Wednesday, August 24, 2011

Earthquake!

Special Edition Update:

At 1:51 pm yesterday my office building in Stamford, CT began to sway. It was an odd sensation, a bit like being on a boat with a gently rocking motion. It lasted for a good 15 seconds and my brain was wondering -this is very odd, what's going on? It probably took 10 seconds before I realized, oh, this is what an earthquake feels like. A co-worker from Japan immediately jumped under her desk but most of us did not. I thought about it but figured the motion was so gentle I doubted there was going to be any harm. I was right but it was a poor decision. I should have gone for cover and not worried about how silly that might look.

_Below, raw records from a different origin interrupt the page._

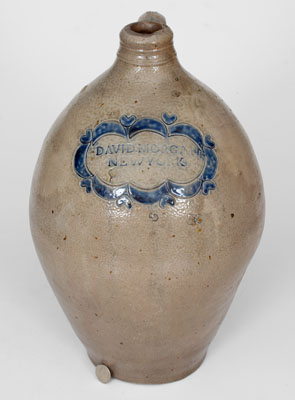 Very Fine DAVID MORGAN / NEW YORK Stoneware Jug w/ Impressed Hearts and Swag Decoration, c1800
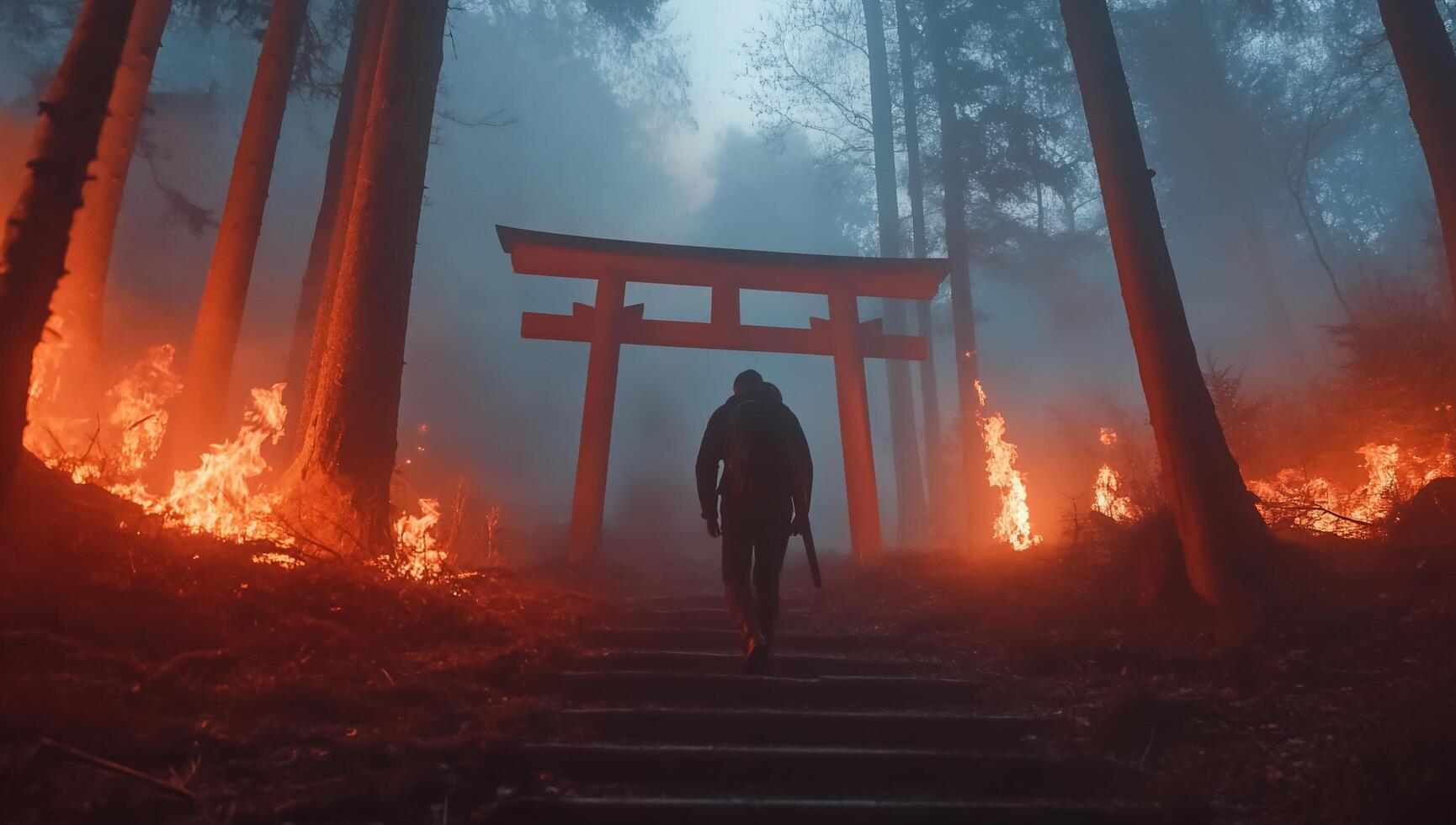 A figure walks towards a torii gate amidst a smoky, fiery forest. photo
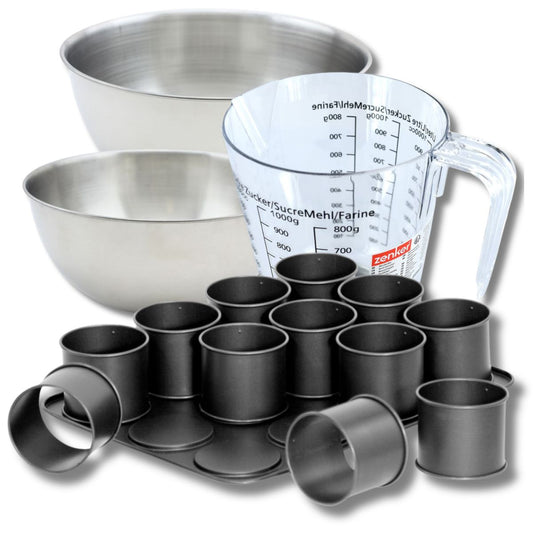 Set pâtisserie avec plaque à 12 mini moules ronds 38 x 30 cm en acier, 2 bols à mixer, verre mesureur et spatule Zenker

I immediately called my wife on her cell to tell her. She had felt nothing in a restaurant on ground level some 30 miles away. So I figured the earthquake was local. There was nothing on Google news for the first 5 minutes but then a news alert put the 5.8 earthquake 360 miles away in Mineral, Virginia. Wow.
http://earthquake.usgs.gov/earthquakes/recenteqsww/Quakes/se082311a.html

I tried to call my wife back with this news but the Cell phone system was overwhelmed and there was no dial tone at all. This cell "outage" lasted for about 15-30 minutes before she was able to call me. I did call home out of curiosity and was able to reach my answering machine. This is one reason we keep paying for the land line at home - it works when cell phones don't.

Since the event many have wondered, why did we feel the quake from so far away? The East Coast is 100 times less active than California, but an earthquake east of the Rockies is typically felt over an area ten times larger than a similar quake on the west coast. And since most East Coast buildings are not earthquake proof, the damages can be very wide spread. In California the ground is very fractured, when a quake wave hits a fracture it is deflected or absorbed. Think of a pond wave hitting a branch. On the East Coast we have very old bedrock that is quite solid and unfractured. It rings like a bell when hit with nothing to stop the quake waves. There are reports of the quake being felt in Canada!

Bottom Line

According to Matthew Herper at Forbes.com,
Just because quakes are less frequent in the east does not mean they are less dangerous, because building codes are less strict. Seismologists believe New York City is past due for a big quake — the last major one was a 5.2 quake centered in New York harbor off of Brooklyn in 1884. (See: Yes Virginia, There Are Earthquakes On The East Coast.)